## [EXERCISE DETAILS]
Scan the records for the string "Short"; copy each line where it occurs.

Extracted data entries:
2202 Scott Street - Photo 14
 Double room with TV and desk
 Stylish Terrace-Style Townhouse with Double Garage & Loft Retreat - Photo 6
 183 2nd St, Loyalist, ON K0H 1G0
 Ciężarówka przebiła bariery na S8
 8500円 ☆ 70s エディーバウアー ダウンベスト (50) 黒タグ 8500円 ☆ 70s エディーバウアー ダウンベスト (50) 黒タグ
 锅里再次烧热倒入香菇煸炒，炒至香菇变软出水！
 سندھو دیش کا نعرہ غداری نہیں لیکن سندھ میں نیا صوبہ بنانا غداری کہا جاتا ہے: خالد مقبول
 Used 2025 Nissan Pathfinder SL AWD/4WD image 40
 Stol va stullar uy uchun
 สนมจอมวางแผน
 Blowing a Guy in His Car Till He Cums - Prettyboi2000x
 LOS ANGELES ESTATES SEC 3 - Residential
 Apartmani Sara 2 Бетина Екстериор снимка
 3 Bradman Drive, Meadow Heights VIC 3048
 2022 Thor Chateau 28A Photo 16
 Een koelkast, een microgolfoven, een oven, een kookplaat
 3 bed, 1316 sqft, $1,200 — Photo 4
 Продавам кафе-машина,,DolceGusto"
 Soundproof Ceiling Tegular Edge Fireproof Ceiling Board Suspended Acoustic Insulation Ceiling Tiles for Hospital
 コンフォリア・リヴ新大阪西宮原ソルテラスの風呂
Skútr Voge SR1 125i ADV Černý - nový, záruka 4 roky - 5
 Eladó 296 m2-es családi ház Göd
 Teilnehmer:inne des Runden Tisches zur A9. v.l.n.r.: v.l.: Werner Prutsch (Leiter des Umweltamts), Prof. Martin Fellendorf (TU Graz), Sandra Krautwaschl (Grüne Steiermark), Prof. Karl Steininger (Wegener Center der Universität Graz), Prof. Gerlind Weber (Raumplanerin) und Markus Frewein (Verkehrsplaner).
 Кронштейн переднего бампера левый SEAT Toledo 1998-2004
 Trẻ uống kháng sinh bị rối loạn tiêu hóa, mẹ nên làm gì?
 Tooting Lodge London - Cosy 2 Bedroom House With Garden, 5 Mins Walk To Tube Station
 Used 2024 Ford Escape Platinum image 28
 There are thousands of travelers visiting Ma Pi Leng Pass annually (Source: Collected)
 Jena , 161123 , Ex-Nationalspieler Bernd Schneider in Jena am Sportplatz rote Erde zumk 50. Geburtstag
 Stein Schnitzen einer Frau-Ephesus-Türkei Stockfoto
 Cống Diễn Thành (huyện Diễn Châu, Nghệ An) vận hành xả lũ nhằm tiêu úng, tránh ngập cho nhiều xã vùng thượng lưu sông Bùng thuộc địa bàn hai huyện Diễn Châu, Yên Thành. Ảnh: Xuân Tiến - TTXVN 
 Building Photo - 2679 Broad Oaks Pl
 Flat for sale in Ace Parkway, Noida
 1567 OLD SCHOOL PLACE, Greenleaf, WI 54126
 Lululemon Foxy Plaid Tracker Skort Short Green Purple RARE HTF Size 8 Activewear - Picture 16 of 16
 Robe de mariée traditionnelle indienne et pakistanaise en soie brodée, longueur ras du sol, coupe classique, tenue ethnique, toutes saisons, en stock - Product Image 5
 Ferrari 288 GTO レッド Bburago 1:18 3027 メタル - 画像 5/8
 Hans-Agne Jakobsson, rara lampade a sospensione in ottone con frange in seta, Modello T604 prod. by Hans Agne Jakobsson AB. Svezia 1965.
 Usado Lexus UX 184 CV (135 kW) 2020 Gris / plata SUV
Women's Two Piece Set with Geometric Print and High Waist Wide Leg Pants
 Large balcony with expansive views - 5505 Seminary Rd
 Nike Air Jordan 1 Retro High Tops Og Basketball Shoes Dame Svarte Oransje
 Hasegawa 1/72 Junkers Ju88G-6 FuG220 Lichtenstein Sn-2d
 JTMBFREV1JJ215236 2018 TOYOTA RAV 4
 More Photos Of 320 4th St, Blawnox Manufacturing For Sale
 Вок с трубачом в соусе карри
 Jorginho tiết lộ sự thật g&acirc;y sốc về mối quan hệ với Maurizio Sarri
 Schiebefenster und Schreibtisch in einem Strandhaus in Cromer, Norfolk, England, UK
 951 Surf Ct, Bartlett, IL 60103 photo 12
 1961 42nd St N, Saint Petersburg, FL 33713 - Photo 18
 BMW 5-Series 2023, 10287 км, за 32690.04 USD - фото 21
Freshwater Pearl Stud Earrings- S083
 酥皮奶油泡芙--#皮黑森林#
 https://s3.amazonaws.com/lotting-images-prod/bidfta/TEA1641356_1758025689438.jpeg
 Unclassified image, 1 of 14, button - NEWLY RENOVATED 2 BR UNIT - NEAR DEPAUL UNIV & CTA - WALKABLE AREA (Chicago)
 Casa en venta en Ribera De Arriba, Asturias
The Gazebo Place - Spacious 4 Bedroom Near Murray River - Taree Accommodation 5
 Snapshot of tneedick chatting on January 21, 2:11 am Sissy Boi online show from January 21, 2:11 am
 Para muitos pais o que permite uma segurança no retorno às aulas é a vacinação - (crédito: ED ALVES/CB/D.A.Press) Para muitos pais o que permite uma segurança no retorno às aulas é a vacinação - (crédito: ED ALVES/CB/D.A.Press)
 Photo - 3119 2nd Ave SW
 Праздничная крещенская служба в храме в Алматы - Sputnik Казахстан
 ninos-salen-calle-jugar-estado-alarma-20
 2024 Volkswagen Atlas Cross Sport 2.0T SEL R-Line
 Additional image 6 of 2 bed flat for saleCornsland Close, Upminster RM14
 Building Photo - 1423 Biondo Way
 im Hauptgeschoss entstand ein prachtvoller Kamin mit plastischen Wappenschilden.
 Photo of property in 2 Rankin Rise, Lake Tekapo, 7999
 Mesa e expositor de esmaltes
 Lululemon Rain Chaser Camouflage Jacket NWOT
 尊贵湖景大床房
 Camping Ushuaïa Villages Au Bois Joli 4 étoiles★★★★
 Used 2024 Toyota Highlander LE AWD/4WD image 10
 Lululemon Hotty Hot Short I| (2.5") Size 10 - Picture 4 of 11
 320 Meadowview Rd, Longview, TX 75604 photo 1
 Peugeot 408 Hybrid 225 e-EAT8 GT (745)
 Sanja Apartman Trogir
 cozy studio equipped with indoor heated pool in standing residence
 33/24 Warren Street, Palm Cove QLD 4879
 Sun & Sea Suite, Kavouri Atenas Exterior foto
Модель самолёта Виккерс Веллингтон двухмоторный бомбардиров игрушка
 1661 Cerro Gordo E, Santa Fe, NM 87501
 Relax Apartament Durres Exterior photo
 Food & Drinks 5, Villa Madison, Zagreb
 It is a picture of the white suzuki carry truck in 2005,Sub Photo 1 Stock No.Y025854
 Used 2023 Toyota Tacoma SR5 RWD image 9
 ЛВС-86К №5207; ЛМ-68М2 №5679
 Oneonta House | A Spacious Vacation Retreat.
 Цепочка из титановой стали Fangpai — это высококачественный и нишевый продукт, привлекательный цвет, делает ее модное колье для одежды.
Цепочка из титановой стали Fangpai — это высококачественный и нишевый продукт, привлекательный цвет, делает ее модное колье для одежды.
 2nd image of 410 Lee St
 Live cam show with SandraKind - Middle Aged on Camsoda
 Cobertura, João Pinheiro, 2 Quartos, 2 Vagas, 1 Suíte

## [TASK SOLUTION]
 Lululemon Foxy Plaid Tracker Skort Short Green Purple RARE HTF Size 8 Activewear - Picture 16 of 16
 Lululemon Hotty Hot Short I| (2.5") Size 10 - Picture 4 of 11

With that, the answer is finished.